- TASK INSTRUCTIONS -
Among the entries below, the lines from the one with "Classic car steering wheel - steering, 12" up to and including the one with "ALC container 40x30x27 with lid" are to be restated exactly, without pictures.

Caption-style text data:
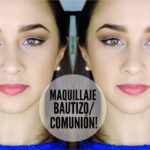 Maquillaje de ojos para comunión: consejos y técnicas imprescindibles Maquillaje de ojos para comunión: consejos y técnicas imprescindibles
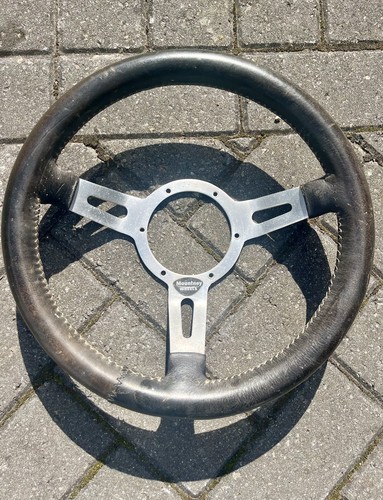 Classic car steering wheel - steering, 12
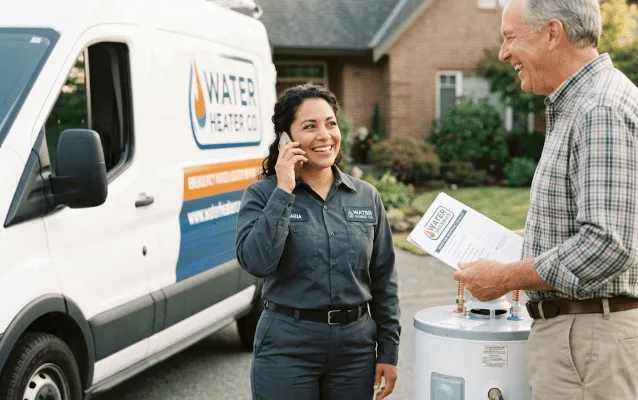 Water Heater Repair Hollins, AL FAQs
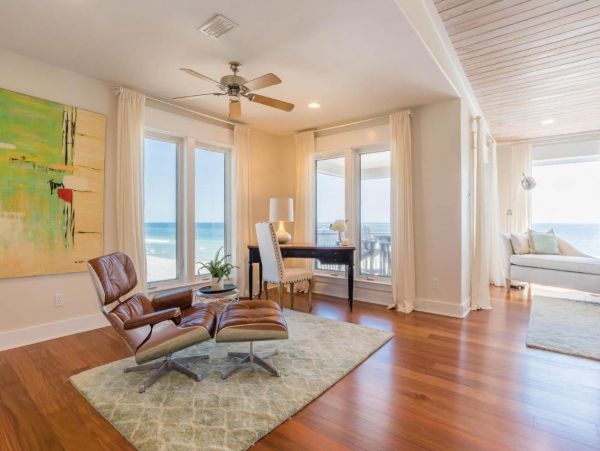 Spacious 5 Bedroom Home in Seacrest Beach Sleeps 21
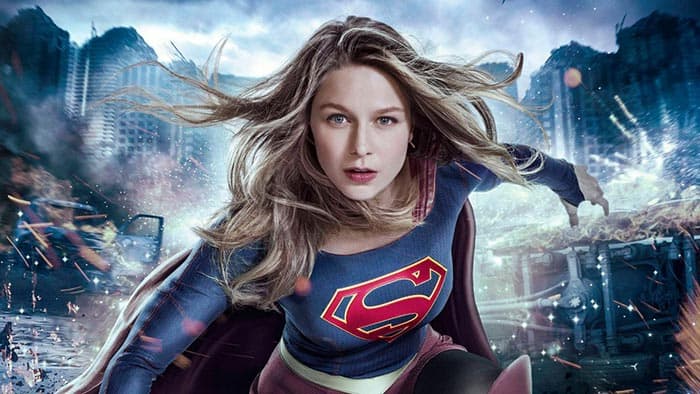 supergirl temporada 4 (2018/19)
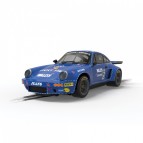 Scalextric 1:32 Porsche 911 C. RSR 3,0 W blau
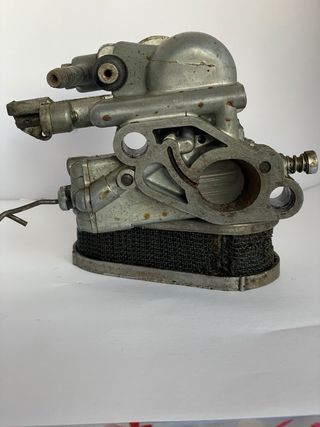 Carburatore Vespa SI 20/15C con filtro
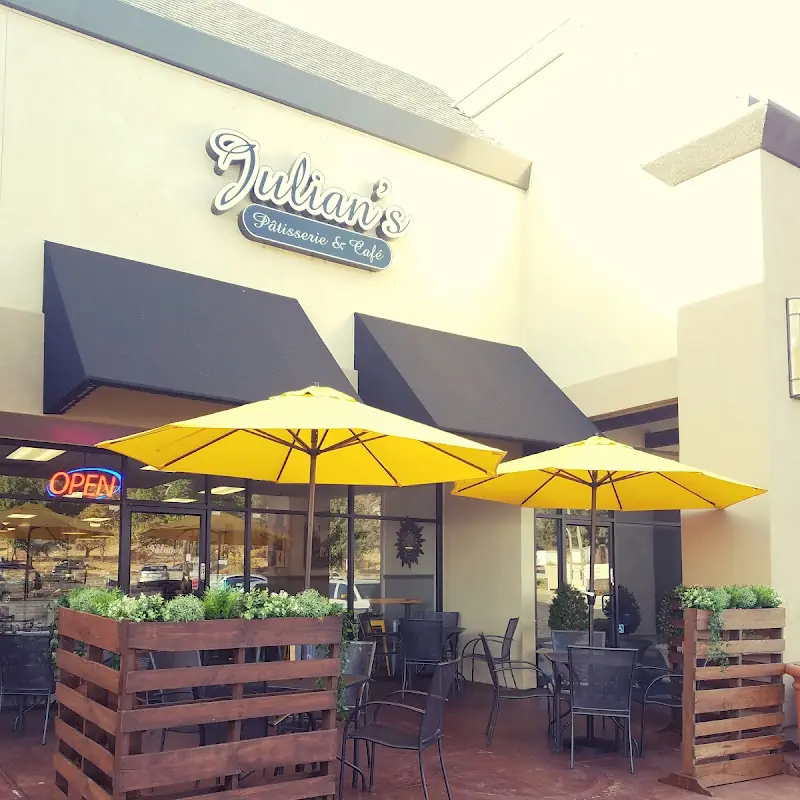 Julian's | Patisserie and Cafe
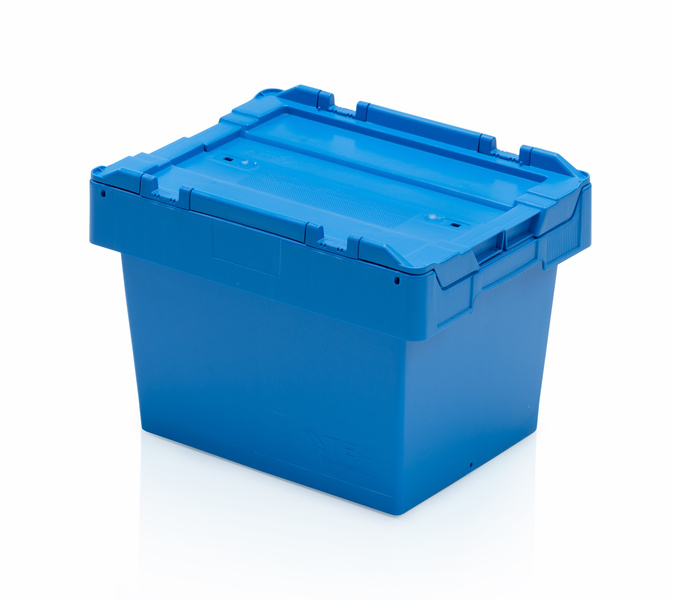 ALC container 40x30x27 with lid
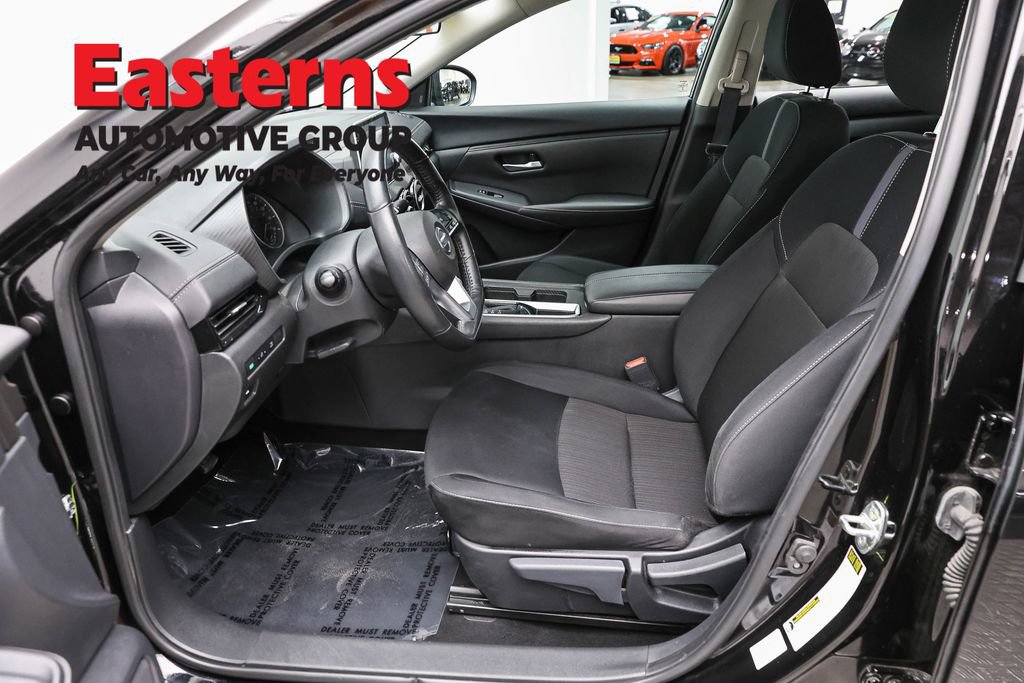 Used 2023 Nissan Sentra SV w/ All-Weather Package FWD image 16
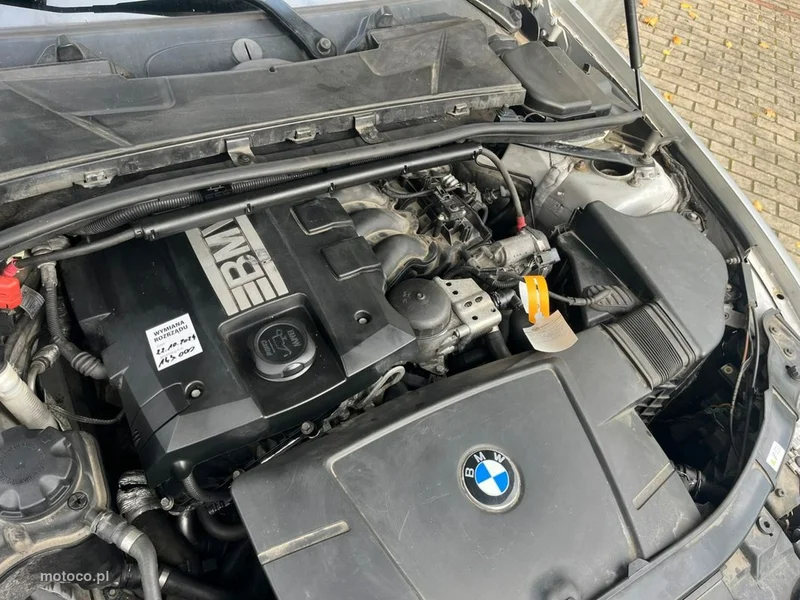 BMW Seria 3 E36 318 6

- TASK ANSWER -
 Classic car steering wheel - steering, 12
 Water Heater Repair Hollins, AL FAQs
 Spacious 5 Bedroom Home in Seacrest Beach Sleeps 21
 supergirl temporada 4 (2018/19)
 Scalextric 1:32 Porsche 911 C. RSR 3,0 W blau
 Carburatore Vespa SI 20/15C con filtro
 Julian's | Patisserie and Cafe
 ALC container 40x30x27 with lid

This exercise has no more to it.